[[ Stored data open ]]
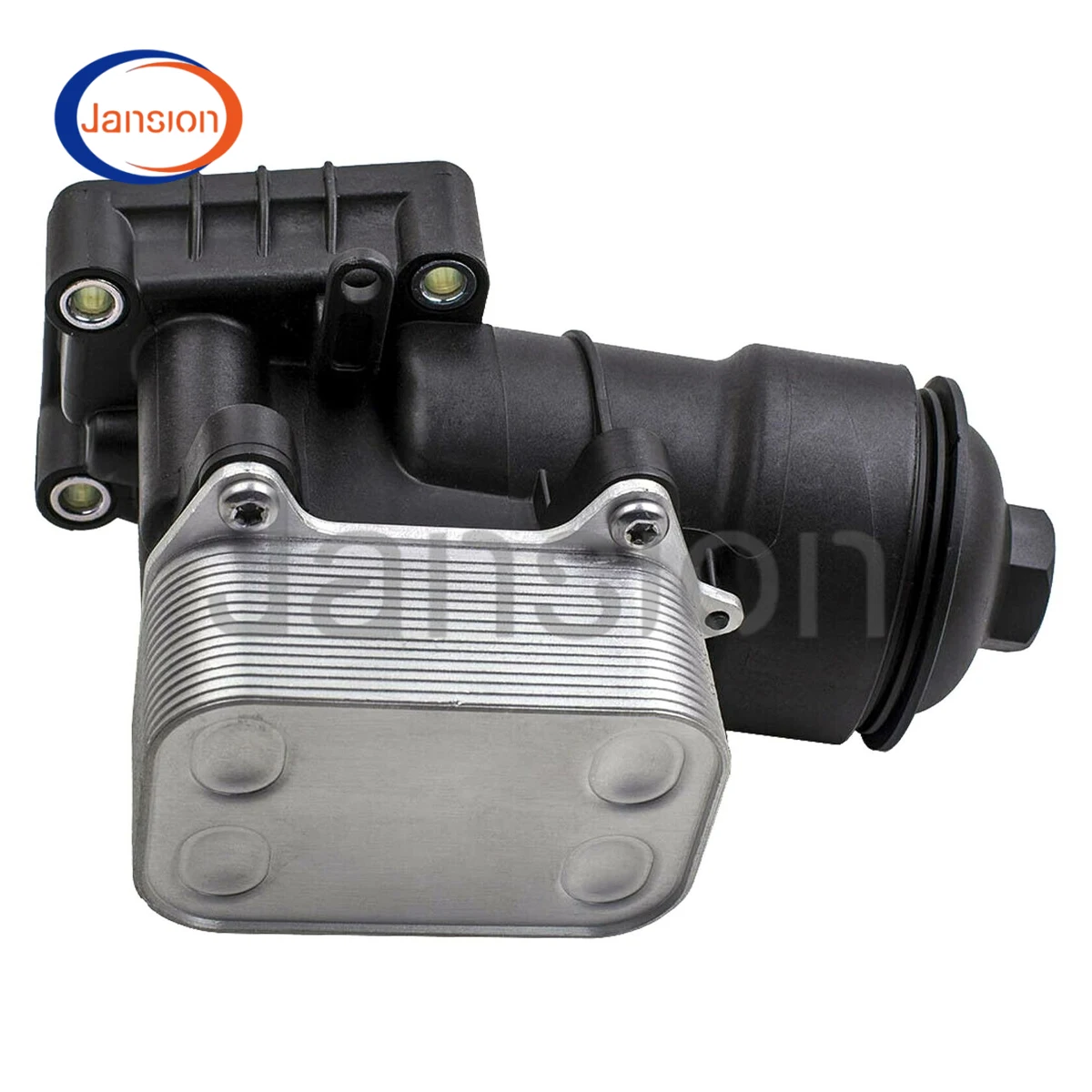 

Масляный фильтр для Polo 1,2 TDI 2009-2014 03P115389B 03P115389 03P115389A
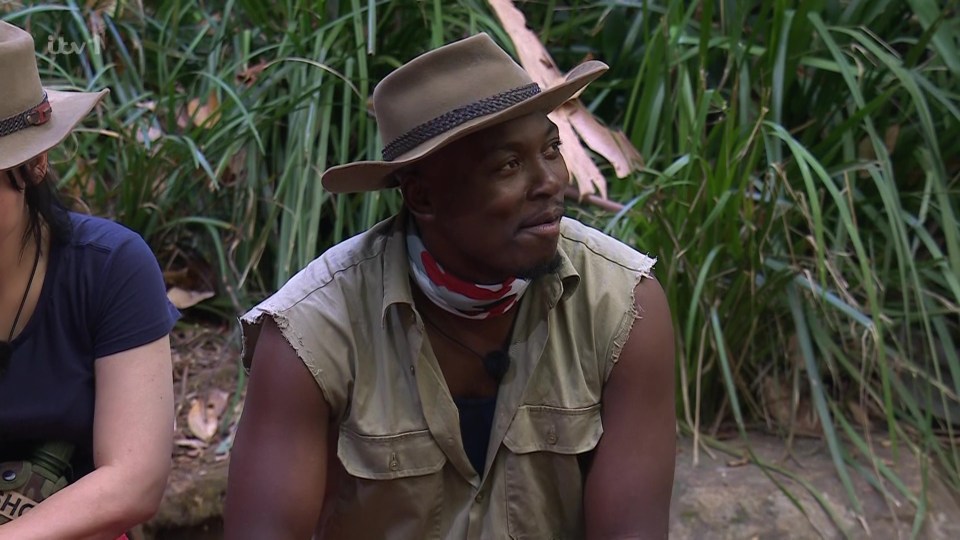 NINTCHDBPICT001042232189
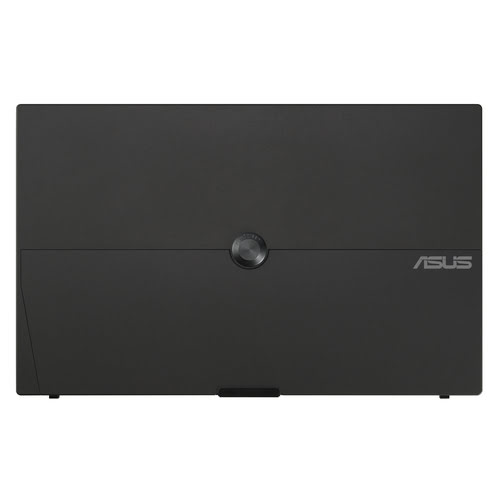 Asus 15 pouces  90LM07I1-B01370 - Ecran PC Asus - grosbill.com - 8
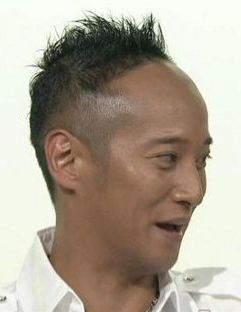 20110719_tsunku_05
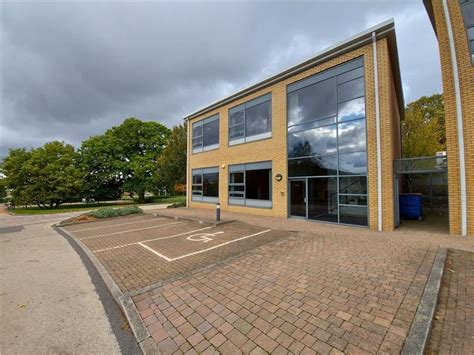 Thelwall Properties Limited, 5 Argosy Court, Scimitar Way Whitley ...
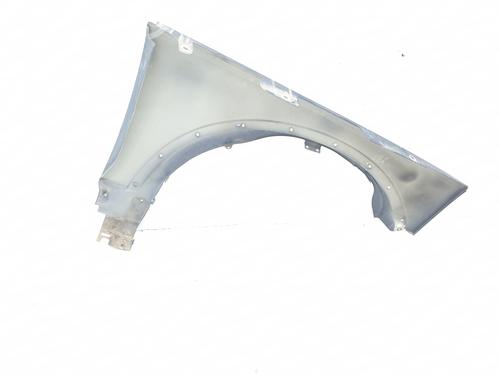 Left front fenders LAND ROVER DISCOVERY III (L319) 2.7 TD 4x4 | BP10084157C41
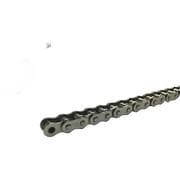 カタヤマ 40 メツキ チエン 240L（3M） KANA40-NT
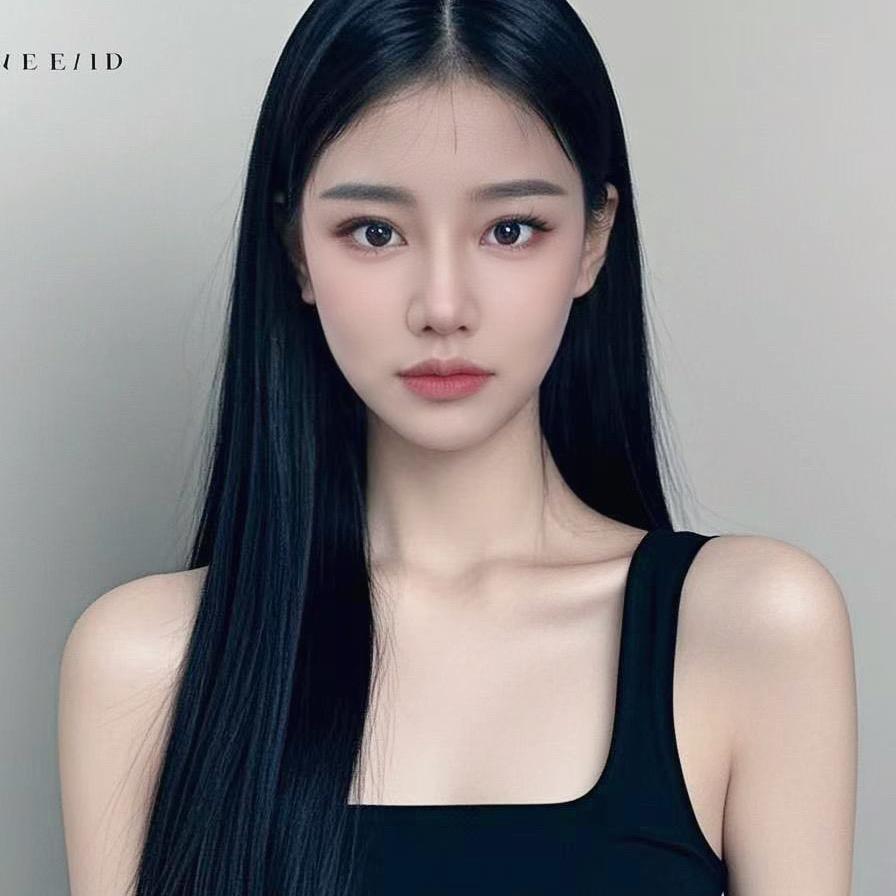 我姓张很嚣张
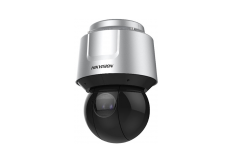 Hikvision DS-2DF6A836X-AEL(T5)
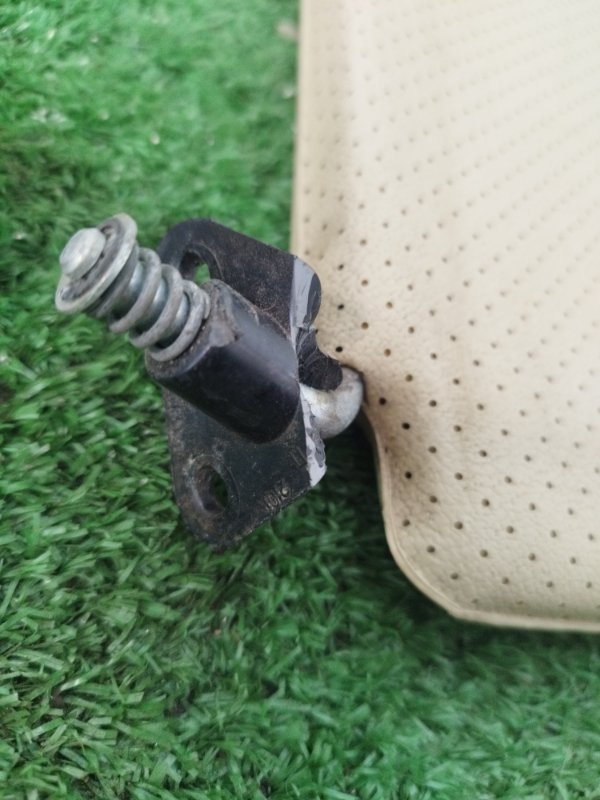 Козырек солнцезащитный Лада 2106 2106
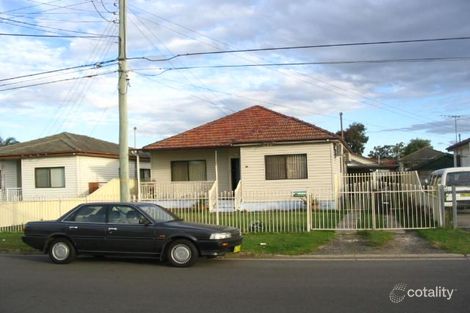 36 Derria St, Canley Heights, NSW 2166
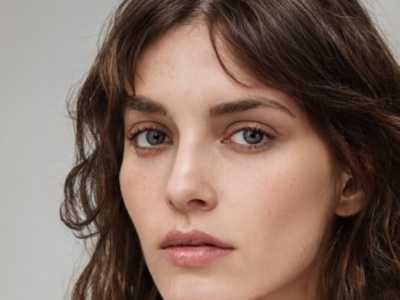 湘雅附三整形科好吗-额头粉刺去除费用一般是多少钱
[[ Stored data closed ]]
[[ Stored data open ]]
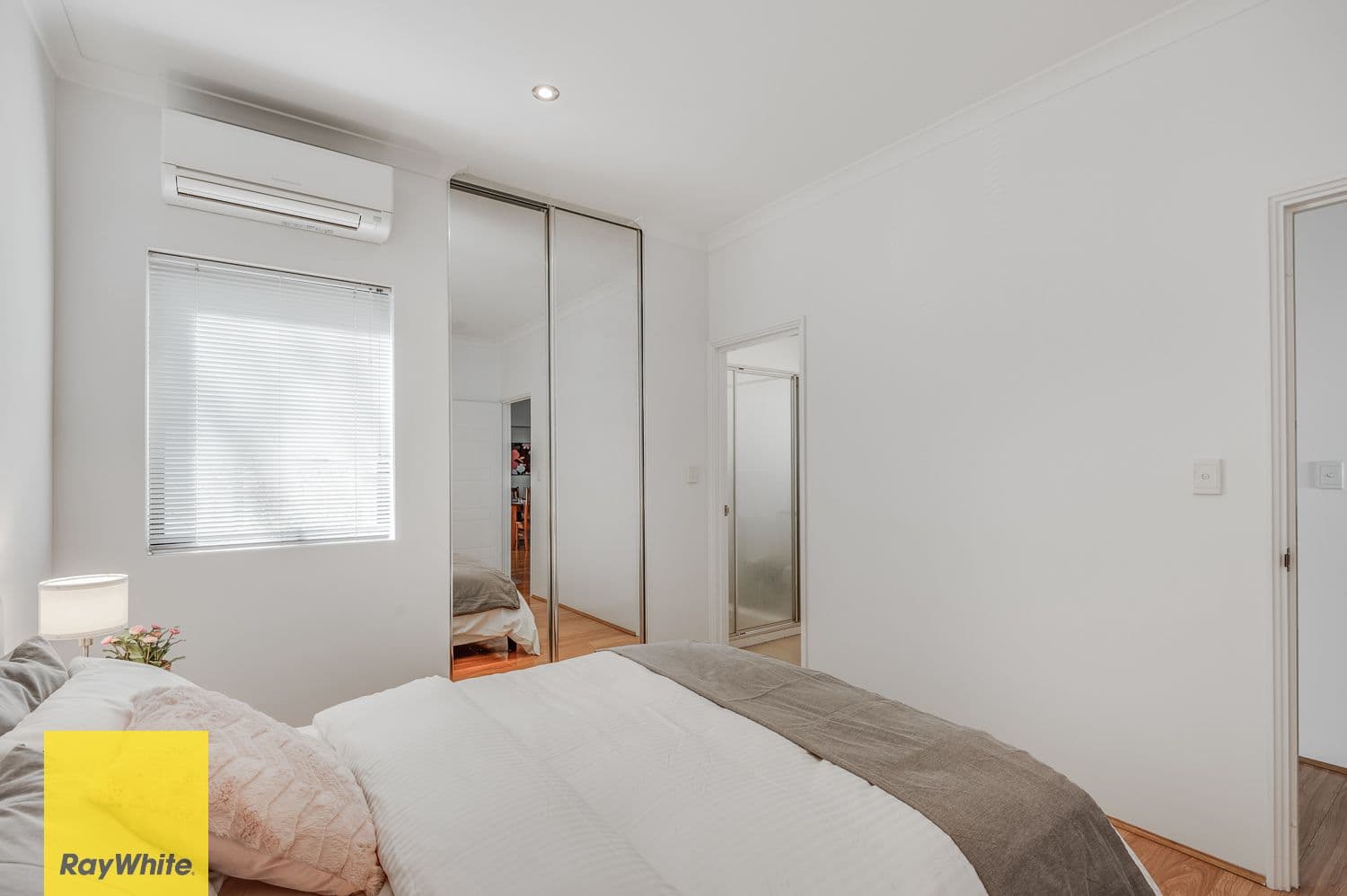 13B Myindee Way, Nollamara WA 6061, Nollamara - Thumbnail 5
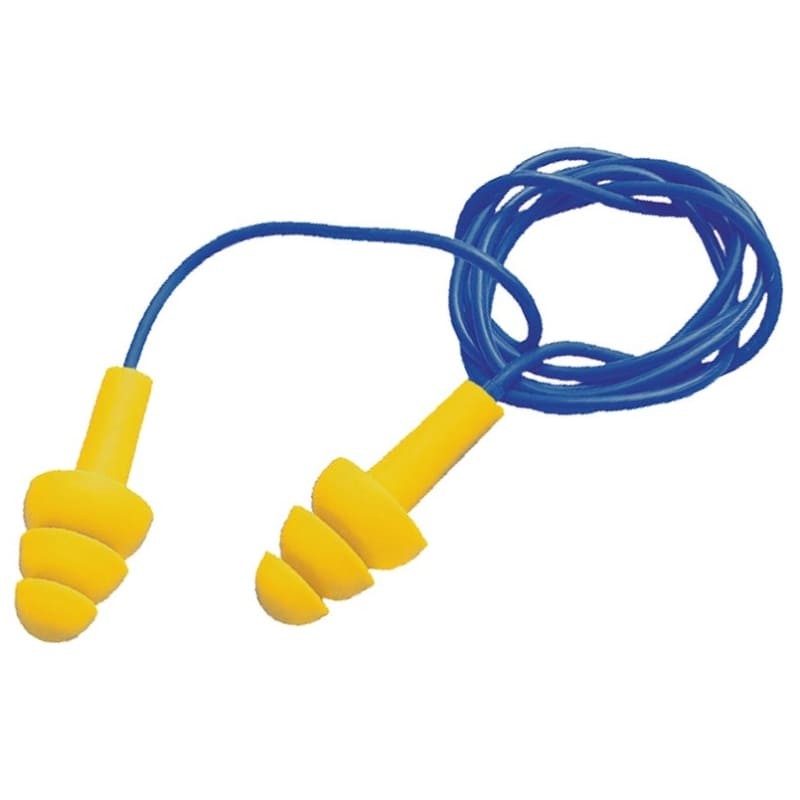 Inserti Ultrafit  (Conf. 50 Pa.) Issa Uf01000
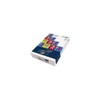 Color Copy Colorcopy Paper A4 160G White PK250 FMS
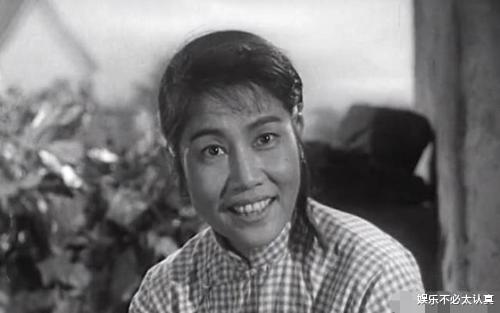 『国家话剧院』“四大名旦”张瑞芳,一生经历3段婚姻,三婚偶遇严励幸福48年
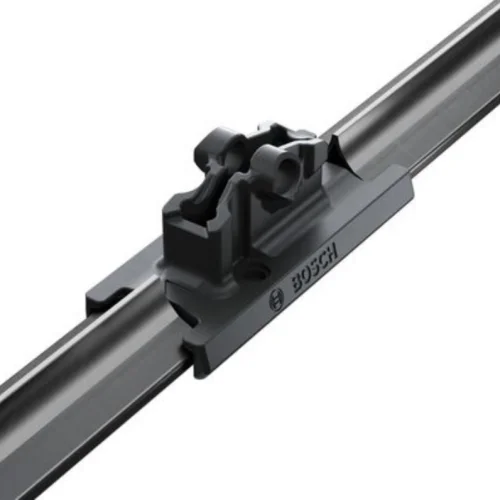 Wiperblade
[[ Stored data closed ]]
Your goal
In the records above, find the line with "カタヤマ 40 メツキ チエン 240L（3M） KANA40-NT" and the line with "湘雅附三整形科好吗-额头粉刺去除费用一般是多少钱", then restate word for word only those two lines and all lines between, omitting pictures.

Finished exercise
 カタヤマ 40 メツキ チエン 240L（3M） KANA40-NT
 我姓张很嚣张
 Hikvision DS-2DF6A836X-AEL(T5)
 Козырек солнцезащитный Лада 2106 2106
 36 Derria St, Canley Heights, NSW 2166
 湘雅附三整形科好吗-额头粉刺去除费用一般是多少钱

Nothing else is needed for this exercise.